Ele puxou a carta, colocou seus pequenos óculos na ponta do nariz e começou a ler.
– Puxa, vida! Eu troquei os nomes!
– Pois é…
– E o pai tinha que me processar só por causa disso?
– Você deu quinze dançarinas de cabaré para uma criança de cinco anos! – exclamou a Mamãe Noel.
– A culpa é minha se eles têm nomes praticamente iguais?
– Assim não dá, Noel! A gente vai à falência desse jeito. Não há royalties que paguem tantos processos!
– E o que você quer que eu faça?
– Eu já falei pra você. Faça uma consultoria com o Sebrae!

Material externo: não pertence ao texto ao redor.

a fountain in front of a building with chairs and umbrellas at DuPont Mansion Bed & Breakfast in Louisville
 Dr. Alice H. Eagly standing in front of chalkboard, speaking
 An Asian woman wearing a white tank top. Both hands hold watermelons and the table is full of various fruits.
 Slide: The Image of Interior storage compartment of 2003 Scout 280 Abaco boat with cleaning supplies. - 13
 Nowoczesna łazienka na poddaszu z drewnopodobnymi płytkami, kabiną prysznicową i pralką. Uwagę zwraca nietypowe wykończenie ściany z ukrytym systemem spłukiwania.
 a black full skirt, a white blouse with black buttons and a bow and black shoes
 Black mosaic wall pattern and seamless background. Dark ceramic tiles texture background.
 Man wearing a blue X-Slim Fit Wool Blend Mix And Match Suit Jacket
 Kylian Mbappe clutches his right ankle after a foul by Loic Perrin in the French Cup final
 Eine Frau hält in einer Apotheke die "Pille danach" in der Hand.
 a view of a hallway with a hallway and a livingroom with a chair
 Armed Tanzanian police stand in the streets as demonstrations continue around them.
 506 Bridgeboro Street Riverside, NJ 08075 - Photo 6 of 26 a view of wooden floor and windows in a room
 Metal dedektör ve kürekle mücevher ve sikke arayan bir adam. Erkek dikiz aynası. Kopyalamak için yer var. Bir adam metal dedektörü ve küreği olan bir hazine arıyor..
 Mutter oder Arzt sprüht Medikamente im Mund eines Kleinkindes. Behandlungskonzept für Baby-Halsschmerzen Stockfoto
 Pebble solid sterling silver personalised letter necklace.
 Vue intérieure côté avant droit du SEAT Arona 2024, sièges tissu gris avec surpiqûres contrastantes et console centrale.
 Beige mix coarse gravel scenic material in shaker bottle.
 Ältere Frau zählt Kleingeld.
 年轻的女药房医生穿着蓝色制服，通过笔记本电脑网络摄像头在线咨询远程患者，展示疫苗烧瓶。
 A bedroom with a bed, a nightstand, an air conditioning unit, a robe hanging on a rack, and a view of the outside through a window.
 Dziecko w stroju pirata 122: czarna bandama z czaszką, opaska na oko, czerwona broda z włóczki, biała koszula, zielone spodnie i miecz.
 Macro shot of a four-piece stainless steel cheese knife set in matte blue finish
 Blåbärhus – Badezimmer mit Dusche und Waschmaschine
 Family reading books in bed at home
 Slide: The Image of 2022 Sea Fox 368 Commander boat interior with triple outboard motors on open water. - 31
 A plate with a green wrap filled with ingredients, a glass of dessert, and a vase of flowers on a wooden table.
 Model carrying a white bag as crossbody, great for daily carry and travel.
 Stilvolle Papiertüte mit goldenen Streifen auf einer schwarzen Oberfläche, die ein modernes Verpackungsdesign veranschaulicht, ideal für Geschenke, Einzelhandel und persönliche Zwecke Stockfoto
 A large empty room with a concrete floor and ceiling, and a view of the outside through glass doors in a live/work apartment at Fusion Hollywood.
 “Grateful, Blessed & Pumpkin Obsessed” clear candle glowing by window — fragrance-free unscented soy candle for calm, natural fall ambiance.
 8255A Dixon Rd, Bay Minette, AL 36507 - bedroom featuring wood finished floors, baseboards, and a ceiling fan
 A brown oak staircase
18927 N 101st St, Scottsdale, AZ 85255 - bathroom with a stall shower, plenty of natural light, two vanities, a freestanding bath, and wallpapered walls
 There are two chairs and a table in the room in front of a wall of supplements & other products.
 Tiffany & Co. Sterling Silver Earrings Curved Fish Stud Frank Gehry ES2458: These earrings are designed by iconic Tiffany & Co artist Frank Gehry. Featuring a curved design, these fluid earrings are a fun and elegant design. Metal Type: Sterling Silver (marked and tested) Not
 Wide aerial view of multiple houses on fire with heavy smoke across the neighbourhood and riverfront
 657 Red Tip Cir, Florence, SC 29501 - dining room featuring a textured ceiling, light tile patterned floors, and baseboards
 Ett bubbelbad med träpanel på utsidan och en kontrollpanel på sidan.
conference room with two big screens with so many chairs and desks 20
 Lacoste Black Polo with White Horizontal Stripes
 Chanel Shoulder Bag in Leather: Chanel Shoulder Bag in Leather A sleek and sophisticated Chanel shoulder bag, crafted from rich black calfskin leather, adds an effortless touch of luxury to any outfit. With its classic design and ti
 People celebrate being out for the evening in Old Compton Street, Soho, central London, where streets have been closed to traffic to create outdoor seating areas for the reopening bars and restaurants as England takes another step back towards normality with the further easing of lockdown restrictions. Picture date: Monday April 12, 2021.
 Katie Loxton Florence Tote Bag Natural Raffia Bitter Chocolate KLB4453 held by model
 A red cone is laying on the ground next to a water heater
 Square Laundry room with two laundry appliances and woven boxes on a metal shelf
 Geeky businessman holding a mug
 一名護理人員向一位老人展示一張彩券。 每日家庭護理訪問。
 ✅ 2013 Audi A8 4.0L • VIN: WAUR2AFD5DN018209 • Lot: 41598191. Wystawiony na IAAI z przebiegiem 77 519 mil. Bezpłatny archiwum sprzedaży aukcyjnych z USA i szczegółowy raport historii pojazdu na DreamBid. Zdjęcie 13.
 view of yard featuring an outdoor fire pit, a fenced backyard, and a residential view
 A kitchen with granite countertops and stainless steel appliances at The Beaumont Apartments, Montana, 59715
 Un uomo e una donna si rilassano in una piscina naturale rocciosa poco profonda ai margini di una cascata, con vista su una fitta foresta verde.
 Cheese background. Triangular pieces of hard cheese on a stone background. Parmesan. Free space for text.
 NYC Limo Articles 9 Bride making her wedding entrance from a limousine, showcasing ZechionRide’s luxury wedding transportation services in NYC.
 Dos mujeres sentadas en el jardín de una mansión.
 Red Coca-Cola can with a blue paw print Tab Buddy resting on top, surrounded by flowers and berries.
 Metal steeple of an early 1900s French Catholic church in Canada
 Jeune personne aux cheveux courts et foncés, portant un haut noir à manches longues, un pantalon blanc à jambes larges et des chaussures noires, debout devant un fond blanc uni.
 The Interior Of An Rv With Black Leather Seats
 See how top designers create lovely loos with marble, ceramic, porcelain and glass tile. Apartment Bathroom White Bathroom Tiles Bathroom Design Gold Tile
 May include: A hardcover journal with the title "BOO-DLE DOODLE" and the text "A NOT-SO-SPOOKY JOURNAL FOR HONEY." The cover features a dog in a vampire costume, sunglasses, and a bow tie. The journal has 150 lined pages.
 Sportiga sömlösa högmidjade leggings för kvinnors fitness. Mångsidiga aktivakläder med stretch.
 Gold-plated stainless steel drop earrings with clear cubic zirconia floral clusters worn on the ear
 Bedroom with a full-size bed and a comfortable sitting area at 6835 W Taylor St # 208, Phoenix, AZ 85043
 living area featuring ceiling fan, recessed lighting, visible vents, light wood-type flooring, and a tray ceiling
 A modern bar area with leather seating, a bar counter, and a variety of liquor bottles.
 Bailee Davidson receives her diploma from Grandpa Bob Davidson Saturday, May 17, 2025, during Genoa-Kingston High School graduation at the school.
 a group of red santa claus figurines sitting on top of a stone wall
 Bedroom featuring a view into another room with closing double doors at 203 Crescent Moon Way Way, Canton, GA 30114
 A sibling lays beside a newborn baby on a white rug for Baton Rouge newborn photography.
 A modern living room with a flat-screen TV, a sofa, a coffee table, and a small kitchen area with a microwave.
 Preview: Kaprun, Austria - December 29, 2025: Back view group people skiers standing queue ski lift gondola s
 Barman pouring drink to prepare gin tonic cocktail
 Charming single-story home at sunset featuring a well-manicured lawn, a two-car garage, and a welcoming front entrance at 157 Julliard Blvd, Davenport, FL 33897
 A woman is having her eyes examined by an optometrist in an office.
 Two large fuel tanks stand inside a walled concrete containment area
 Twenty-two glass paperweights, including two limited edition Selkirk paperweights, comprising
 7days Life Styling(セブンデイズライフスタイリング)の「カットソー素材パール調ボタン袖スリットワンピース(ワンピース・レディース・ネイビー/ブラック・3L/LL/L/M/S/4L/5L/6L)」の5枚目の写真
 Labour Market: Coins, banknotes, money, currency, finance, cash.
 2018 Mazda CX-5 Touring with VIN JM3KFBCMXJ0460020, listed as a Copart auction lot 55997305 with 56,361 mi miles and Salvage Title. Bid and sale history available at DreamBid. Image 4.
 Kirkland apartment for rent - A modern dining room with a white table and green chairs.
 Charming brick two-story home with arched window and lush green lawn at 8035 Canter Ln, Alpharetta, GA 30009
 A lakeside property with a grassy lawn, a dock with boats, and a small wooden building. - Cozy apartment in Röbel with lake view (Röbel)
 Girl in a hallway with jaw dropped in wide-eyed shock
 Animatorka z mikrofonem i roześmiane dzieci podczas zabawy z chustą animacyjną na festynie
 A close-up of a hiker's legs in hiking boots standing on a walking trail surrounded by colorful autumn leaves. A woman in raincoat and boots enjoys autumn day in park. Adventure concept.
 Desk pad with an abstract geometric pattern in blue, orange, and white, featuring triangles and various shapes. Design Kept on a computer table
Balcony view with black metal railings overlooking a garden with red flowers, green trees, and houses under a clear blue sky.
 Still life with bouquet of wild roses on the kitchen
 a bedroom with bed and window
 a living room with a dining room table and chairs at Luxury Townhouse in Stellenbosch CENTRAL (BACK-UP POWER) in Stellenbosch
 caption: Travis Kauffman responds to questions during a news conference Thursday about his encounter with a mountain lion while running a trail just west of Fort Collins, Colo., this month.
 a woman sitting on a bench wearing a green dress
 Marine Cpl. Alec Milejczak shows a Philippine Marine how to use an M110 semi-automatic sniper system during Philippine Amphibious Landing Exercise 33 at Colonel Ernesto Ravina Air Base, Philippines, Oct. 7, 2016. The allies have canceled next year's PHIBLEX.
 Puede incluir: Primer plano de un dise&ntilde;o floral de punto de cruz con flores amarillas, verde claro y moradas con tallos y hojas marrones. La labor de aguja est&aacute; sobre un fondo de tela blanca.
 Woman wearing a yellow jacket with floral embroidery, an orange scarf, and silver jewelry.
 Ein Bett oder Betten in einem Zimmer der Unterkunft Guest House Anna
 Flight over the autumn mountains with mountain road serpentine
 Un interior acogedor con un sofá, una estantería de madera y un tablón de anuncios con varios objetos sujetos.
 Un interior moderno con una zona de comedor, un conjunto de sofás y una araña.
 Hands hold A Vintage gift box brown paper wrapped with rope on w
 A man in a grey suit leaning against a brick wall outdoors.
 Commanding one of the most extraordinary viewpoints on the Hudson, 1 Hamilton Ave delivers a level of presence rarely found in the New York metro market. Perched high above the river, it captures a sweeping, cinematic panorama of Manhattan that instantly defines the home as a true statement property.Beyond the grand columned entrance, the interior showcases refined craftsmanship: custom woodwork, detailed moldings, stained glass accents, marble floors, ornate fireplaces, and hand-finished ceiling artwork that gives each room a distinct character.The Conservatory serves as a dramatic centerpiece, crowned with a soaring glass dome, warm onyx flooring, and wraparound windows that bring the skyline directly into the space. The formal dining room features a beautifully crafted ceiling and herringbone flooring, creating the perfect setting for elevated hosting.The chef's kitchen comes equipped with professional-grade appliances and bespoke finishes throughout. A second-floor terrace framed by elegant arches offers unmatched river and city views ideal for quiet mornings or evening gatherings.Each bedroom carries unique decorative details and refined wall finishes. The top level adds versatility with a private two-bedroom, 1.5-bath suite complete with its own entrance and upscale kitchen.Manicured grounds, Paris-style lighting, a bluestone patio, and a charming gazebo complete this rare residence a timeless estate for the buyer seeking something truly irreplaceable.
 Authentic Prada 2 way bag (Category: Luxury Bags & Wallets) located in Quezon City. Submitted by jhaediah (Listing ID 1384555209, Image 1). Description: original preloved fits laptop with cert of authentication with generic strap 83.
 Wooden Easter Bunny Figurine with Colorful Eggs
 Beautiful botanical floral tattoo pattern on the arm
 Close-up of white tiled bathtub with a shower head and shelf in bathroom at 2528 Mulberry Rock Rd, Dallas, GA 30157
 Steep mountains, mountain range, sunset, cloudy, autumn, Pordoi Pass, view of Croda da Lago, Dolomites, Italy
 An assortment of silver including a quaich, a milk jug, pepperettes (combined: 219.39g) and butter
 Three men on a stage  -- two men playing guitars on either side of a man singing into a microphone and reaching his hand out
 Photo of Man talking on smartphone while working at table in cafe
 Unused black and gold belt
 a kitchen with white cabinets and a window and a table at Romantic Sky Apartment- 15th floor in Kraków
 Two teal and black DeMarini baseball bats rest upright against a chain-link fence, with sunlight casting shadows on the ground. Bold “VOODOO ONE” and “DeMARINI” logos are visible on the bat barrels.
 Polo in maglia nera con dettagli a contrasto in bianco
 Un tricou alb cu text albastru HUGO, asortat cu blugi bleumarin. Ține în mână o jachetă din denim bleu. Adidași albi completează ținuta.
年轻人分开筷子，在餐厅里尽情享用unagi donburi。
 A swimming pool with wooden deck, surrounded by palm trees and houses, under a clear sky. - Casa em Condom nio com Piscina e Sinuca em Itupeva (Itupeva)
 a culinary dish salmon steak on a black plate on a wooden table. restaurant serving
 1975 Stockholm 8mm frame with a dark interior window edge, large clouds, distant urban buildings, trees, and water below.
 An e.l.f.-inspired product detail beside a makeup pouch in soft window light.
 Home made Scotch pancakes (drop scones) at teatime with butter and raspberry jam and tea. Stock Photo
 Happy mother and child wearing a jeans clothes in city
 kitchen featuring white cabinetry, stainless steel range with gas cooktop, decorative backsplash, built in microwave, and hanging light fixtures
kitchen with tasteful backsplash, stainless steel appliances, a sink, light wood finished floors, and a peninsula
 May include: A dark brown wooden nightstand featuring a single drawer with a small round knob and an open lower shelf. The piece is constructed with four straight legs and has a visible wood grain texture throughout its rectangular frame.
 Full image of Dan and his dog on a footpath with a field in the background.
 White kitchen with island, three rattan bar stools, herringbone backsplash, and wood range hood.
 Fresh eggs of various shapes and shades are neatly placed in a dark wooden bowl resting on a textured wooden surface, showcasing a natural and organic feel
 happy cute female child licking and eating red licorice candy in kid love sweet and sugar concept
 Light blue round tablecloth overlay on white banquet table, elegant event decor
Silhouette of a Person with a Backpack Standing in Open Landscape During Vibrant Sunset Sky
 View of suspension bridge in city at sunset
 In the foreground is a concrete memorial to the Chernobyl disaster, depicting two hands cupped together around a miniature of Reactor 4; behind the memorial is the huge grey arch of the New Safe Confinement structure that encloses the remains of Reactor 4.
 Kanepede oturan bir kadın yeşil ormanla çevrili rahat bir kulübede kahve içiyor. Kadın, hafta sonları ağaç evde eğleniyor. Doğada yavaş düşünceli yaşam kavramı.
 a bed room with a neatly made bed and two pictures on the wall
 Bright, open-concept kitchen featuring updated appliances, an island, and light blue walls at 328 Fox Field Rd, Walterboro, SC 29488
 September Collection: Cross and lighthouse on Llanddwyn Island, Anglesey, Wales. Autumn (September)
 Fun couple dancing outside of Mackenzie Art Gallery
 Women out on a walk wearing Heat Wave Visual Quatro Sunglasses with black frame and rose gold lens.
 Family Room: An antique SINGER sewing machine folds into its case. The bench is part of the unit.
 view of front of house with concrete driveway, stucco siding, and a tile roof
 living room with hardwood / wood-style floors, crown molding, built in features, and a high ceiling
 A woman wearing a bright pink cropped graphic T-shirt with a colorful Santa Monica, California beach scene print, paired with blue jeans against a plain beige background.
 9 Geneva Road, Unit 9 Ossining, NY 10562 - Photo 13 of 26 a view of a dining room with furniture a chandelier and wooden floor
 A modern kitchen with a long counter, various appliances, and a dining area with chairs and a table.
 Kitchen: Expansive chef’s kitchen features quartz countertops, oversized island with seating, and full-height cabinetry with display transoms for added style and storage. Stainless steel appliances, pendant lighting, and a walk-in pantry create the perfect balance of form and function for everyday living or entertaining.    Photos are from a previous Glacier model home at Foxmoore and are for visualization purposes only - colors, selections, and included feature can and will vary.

Ele resmungou um pouco, só para afirmar o seu ponto, mas, depois de alguns minutos, foi obrigado a concordar. Era o vigésimo processo daquele ano, e não tinham sequer chegado a fevereiro!
Por fim, Papai Noel cedeu, e um conselheiro de pequenas empresas foi fazer uma auditoria e ajudá-lo no que fosse possível.
– Você tem um sistema muito atrasado de registro de informações – disse o consultor.
– É, eu sei.
– Não é à-toa que você tem errado tanto!
– Não diga que é culpa da minha velhice! – exclamou o bom velhinho de volta. – É que antes, eram poucas crianças no mundo. Agora, vejam só, são mais de dois bilhões! Ainda resolveram aumentar o tempo da adolescência, e tem marmanjo dizendo que é criança, ainda!
– Eu sei, seu Noel, eu sei.
– É natural se confundir de vez em quando, não é?
– Com certeza. Por isso que você tem de investir em tecnologia. Chega de listas feitas a mão. A partir de agora, vai ser tudo informatizado.
– Certo.
– Cada pessoa vai ter um código, um QR-Code, e você vai colocar um destes no presente, também. Você vai ter registrado no seu servidor, aqui no polo norte, todas as informações a respeito da criança. Tudo o que ela recebeu nos últimos anos.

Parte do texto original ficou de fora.